The current generation African Americans have lived with the understanding that it’s the Democrats who have their backs. But what has resulted from this affinity? After these latter years of predominant Democratic leadership, median income of black families is $39,715, compared to $65,107 for white families. Family net worth comparison is staggering. Black family net worth is $17,150 compared to white family net worth of $171,000. Because of these disparities, black Americans receive far more government entitlements and assistance than white Americans. Democrats tend to favor these supplementals more than Republicans further enamoring African Americans with the Democrats.
What we have just experienced in the rioting and other chaos from the tragic death of George Floyd is evidence aplenty of the vitriolic state of race relations in America. The pent-up outrage of the under served minority has reached the breaking point. Why wouldn’t this be a catalyst for a shift back to the roots of Republican affiliation for the nation’s black citizens?
If further evidence is needed that African Americans are taken for granted and being paid lip service from Democratic leadership, they need to look no further than Joe Biden’s gaffs that I believe reveal his heart and that of most Democratic politicians. Biden’s “If you have a problem figuring out whether you’re for me or Trump, then you ain’t black” remark should be grounds for every black voter to reconsider supporting him and his party.
What have years of government sustenance and insincerity from the Democrats gained African Americans? The answer is status quo if not decline in economic freedom and social justice. The solution to racial equality is economic, educational, and political opportunity flowing out of a national change of heart. Advances in these areas have been primarily from the heart of Republican leadership.
With this long-standing tradition of black voters feeling more secure in the Democratic camp, it has been difficult for Republicans to convince them that they would benefit long-range and long-term by economic growth, business expansion, and a better job market. President Trump proved that in short order during his first three year in office. The economic boom he led brought record employment and higher wages as well as other increased opportunities for African Americans. After recovery from the pandemic, there is every reason to think that economic boom will continue.
The Democrats realize what this president has accomplished for black America will likely start to swing them back to the Republican party.
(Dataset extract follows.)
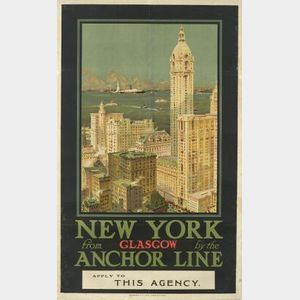 British School, 20th Century New York from Glasgow by the Anchor Line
They are desperately attempting to paint him as a racist who is only concerned about the wealthy. I am hoping that my American friends of color will discern the truth about where their advantage lies for future advancement and opportunity. Over three centuries of racial injustice will not be resolved solely by politics. But resolution will not happen without political involvement. All Republicans should be urging their African American friends to come back to the Grand Old Party of Lincoln.